* _What you need to do_: Your answer must be the exact lines from the one holding "Super Lemon Haze Specialty Vape 2000 Mg" through the last line of the records below, with no pictures.

---

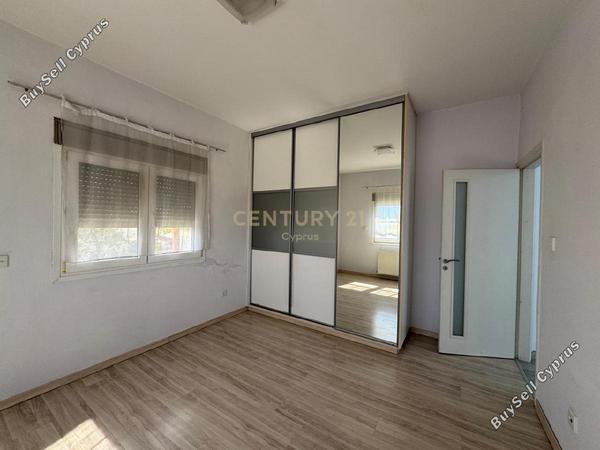 3 bedroom detached house for sale germasogeia limassol 1720267 image 15171305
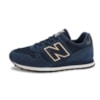 Tênis Feminino New Balance WL373MIN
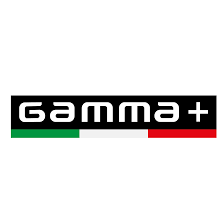 Gamma+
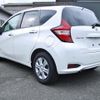 nissan note 2018 quick_quick_DAA-HE12_HE12-172722 image 2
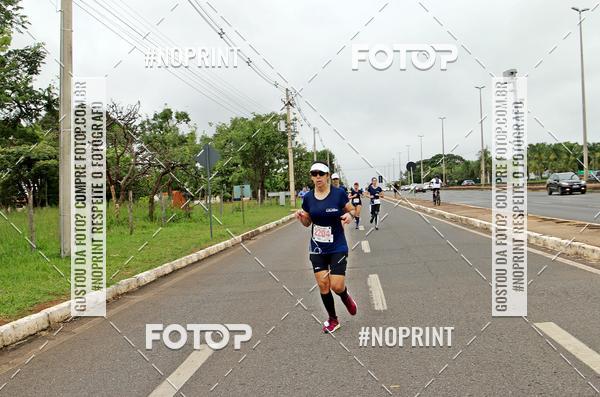 Buy your photos of the eventMeia Maratona das Pontes 2019 on Fotop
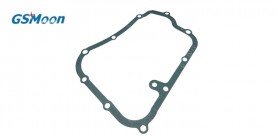 GASKET RIGHT CRANKCASE COVER GSMOON 260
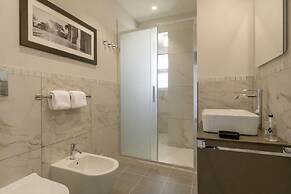 Princeps Boutique Hotel
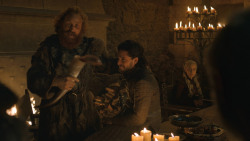 extant_GameOfThrones_8x04-TheLastOfTheStarks_1481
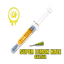 Super Lemon Haze Specialty Vape 2000 Mg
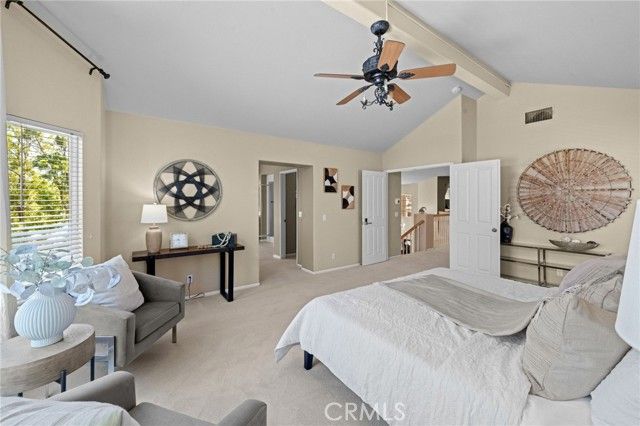 45422 Camino Monzon, Temecula, CA 92592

---

* _Task output_:
 Super Lemon Haze Specialty Vape 2000 Mg
 45422 Camino Monzon, Temecula, CA 92592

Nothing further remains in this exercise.